German Society of Biomechanics (DGfB) Young Investigator Award 2019: Proof-of-Concept of a Novel Knee Joint Simulator Allowing Rapid Motions at Physiological Muscle and Ground Reaction Forces

Florian Schall; Andreas M Seitz; Steffen Hacker; Stefan van Drongelen; Sebastian I Wolf; Anita Ignatius; Lutz Dürselen

doi:10.3389/fbioe.2019.00244

German Society of Biomechanics (DGfB) Young Investigator Award 2019: Proof-of-Concept of a Novel Knee Joint Simulator Allowing Rapid Motions at Physiological Muscle and Ground Reaction Forces

Front Bioeng Biotechnol. 2019 Sep 27:7:244. doi: 10.3389/fbioe.2019.00244. eCollection 2019.

Authors

Florian Schall¹, Andreas M Seitz¹, Steffen Hacker¹, Stefan van Drongelen^{2

3}, Sebastian I Wolf², Anita Ignatius¹, Lutz Dürselen¹

Affiliations

¹ Institute of Orthopaedic Research and Biomechanics, Centre of Trauma Research, Medical Centre, Ulm University, Ulm, Germany.
² Clinic for Orthopaedics and Trauma Surgery, Heidelberg University Hospital, Heidelberg, Germany.
³ Dr. Rolf M. Schwiete Research Unit for Osteoarthritis, Orthopaedic University Hospital Friedrichsheim GmbH, Frankfurt/Main, Germany.

Abstract

The in vitro determination of realistic loads acting in knee ligaments, articular cartilage, menisci and their attachments during daily activities require the creation of physiological muscle forces, ground reaction force and unconstrained kinematics. However, no in vitro test setup is currently available that is able to simulate such physiological loads during squatting and jump landing exercises. Therefore, a novel knee joint simulator allowing such physiological loads in combination with realistic, rapid movements is presented.
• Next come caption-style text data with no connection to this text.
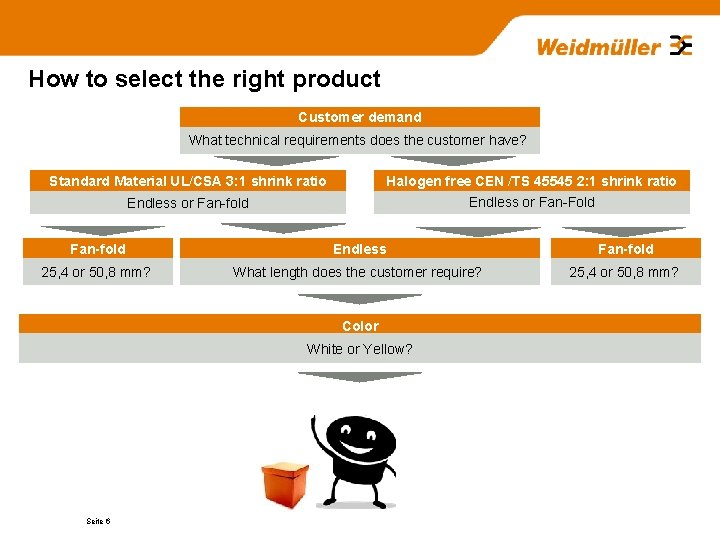 How to select the right product Customer demand What technical requirements does the customer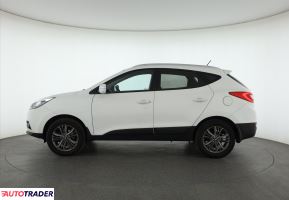 Hyundai ix35 2013 2.0 163 KM Hyundai ix35 2013 2.0 163 KM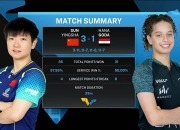 开云体育在线-瑞典豪取六连胜，斩获小组头名的简单介绍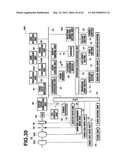 PHOTOGRAPHING APPARATUS diagram and image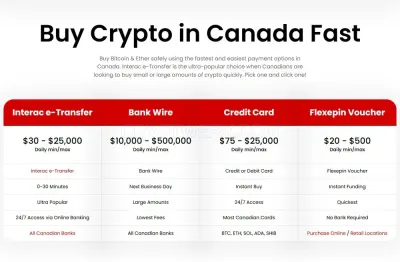 MyBTC.ca photo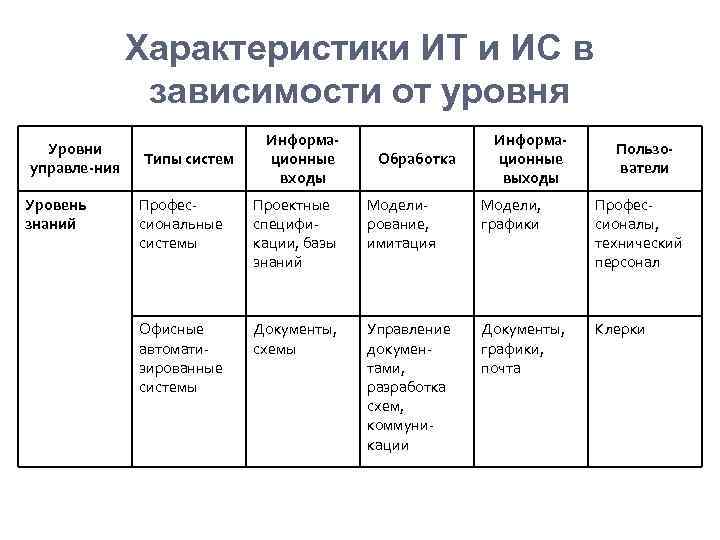 Характеристики ИТ и ИС в зависимости от уровня Уровни управле-ния Уровень знаний Типы систем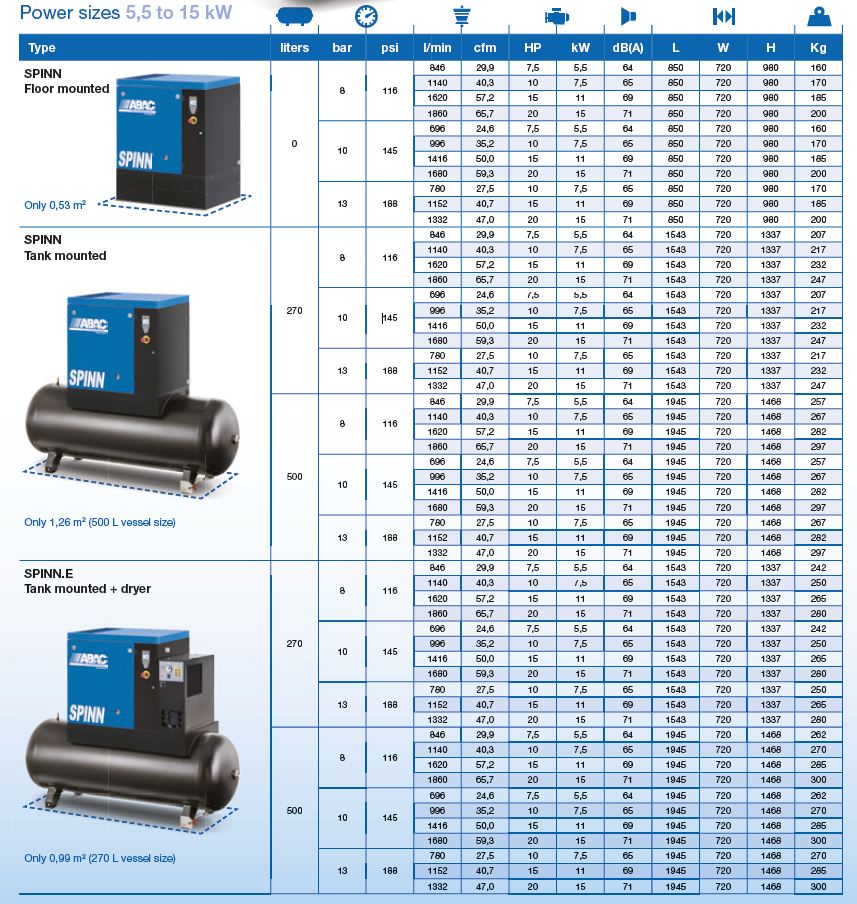 ABAC spinn air compressor performance data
To gain realistic joint positions and muscle forces serving as input parameters for the simulator, a combined in vivo motion analysis and inverse dynamics (MAID) study was undertaken with 11 volunteers performing squatting and jump landing exercises. Subsequently, an in vitro study using nine human knee joint specimens was conducted to prove the functionality of the simulator. To do so, slow squatting without muscle force simulation representing quasi-static loading conditions and slow squatting and jump landing with physiological muscle force simulation were carried out. During all tests ground reaction force, tibiofemoral contact pressure, and tibial rotation characteristics were simultaneously recorded. The simulated muscle forces obtained were in good correlation (0.48 ≤ R ≤ 0.92) with those from the in vivo MAID study. The resulting vertical ground reaction force showed a correlation of R = 0.93. On the basis of the target parameters of ground reaction force, tibiofemoral contact pressure and tibial rotation, it could be concluded that the knee joint load was loaded physiologically. Therefore, this is the first in vitro knee joint simulator allowing squatting and jump landing exercises in combination with physiological muscle forces that finally result in realistic ground reaction forces and physiological joint loading conditions.

Keywords: biomechanics; contact pressure; in vitro; knee; muscle forces; rapid movement; simulator.